Schäfer war vor allem Rekonstrukteur, dessen Ideen zum Heidelberger Schloss um 1900 heftigste Kontroversen in der Kunstwelt auslösten. Mit seinem Karlsruher Amtsantritt nämlich erhielt er auch den Auftrag zur Wiederherstellung des Friedrichsbaus. Hernach wollte Schäfer auch den Ottheinrichsbau rekonstruieren, den er als Vermächtnis einer kunstreichen Vorzeit und damit unbedingt erhaltenswert ansah. Indes, die führenden Köpfe der deutschen Kunstszene wandten sich krass gegen den „Kopisten” Schäfer: Der renommierte Kunsttheoretiker Cornelius Gurlitt nannte ihn schlicht nur einen „Alten” und der damalige Kunstpapst Georg Dehio warnte eindringlich vor einer „Verschäferung” des Heidelberger Schlosses.

Weit weniger umstritten und bis heute so populär wie stadtbildprägend sind dagegen Schäfers Freiburger Taten. Einmal seine Alte Universitätsbibliothek von 1897–1902, ein nobles Stück Neogotik in rotem Buntsandstein. Hermann Billing, Schäfers Lehrstuhlnachfolger in Karlsruhe, sollte sein gegenüberliegendes Universitätsgebäude (K1; 1907- 1911) in diesem Werkstoff bauen.

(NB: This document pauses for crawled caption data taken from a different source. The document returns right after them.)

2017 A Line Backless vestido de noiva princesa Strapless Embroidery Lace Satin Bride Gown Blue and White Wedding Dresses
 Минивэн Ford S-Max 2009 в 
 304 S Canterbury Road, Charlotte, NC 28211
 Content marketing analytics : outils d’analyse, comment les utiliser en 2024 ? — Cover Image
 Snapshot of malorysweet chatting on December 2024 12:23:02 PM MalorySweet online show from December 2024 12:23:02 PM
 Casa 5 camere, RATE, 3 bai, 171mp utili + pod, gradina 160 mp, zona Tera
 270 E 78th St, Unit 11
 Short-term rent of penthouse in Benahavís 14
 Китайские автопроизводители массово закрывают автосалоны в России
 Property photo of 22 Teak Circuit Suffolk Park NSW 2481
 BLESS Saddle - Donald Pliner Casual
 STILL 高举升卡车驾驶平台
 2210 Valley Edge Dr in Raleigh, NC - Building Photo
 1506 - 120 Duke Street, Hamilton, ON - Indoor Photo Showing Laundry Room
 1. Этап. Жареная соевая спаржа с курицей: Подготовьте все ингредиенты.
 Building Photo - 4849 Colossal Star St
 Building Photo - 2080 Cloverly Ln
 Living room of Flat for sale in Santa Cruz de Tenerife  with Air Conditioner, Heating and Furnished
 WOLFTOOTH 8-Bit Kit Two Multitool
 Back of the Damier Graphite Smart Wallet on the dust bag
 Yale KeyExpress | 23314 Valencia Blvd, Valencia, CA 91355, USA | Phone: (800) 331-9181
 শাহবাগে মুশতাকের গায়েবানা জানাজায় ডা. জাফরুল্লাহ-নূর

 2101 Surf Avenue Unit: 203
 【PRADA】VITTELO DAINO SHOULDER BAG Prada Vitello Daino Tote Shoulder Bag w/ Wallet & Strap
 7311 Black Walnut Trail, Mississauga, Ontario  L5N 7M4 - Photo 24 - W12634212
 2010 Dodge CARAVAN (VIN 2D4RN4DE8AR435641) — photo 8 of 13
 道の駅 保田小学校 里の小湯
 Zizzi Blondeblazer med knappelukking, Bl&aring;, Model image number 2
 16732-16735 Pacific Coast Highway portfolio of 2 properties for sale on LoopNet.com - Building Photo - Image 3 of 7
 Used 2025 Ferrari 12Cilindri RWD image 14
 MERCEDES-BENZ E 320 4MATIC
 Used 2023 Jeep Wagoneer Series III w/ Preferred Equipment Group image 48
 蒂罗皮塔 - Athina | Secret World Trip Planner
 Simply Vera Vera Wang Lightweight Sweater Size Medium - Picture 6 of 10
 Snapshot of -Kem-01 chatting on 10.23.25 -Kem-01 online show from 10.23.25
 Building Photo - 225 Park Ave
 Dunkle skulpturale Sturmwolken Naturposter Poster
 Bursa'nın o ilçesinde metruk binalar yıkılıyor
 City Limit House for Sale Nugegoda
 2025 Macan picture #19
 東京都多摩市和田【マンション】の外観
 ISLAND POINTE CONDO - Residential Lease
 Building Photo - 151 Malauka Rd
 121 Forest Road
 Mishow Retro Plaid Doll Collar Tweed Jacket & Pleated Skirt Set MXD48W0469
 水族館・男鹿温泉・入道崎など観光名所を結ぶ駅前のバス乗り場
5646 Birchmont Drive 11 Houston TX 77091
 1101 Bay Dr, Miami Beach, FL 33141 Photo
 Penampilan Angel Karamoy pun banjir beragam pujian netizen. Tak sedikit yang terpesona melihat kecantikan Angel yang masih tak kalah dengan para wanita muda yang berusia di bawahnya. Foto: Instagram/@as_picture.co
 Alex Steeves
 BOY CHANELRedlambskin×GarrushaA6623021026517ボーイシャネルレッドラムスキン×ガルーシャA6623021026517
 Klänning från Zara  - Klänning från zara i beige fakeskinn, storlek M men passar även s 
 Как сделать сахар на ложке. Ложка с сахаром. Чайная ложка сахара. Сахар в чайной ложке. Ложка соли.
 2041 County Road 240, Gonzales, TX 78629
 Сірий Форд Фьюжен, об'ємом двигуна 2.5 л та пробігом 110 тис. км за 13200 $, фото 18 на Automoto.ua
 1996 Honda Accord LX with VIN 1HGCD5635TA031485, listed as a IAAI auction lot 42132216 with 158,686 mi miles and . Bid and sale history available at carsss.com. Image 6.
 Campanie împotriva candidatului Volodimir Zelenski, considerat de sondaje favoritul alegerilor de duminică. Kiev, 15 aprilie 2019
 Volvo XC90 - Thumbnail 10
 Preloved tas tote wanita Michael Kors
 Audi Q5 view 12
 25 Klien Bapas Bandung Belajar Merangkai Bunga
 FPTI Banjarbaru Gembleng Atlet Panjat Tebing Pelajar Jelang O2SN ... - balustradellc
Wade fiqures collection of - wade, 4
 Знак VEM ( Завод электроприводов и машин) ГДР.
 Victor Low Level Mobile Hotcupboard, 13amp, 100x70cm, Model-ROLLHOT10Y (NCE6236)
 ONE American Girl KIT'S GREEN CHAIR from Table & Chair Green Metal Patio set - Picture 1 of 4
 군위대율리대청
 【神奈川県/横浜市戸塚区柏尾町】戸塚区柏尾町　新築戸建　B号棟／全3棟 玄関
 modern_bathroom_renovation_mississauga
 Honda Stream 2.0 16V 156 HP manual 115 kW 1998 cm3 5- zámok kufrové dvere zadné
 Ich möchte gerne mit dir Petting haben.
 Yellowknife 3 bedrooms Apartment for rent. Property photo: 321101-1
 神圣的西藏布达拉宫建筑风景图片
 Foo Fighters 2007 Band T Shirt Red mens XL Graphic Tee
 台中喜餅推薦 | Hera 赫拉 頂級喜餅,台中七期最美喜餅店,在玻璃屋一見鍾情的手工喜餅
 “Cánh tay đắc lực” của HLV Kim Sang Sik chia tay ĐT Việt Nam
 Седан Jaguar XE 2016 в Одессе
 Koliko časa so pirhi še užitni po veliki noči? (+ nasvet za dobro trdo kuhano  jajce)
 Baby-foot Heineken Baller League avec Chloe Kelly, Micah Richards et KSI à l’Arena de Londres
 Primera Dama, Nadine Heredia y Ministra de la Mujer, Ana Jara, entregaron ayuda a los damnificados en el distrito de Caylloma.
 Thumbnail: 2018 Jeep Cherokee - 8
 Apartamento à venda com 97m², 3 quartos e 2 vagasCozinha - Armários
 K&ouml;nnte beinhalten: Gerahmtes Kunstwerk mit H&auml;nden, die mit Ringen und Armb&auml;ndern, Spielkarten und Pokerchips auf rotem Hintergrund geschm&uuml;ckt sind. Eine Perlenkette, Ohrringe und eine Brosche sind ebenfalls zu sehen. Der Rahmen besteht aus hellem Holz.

Auch an der Umarbeitung und ästhetischen Rettung des aus dem späten 16. Jahrhundert stammenden „Neuen Kollegium” zum „Neuen Rathaus” war Schäfer maßgebend beteiligt, zusammen mit dem Lokalmatador Max Meckel, einem Späthistoristen.

Im Wortsinne überragend und nach dem Münster noch immer die beiden berühmtesten Orientierungspunkte in Freiburgs Altstadt sind Martinstor und Schwabentor, denen Schäfer von 1901 bis 1903 sozusagen die Köpfe aufgesetzt hat.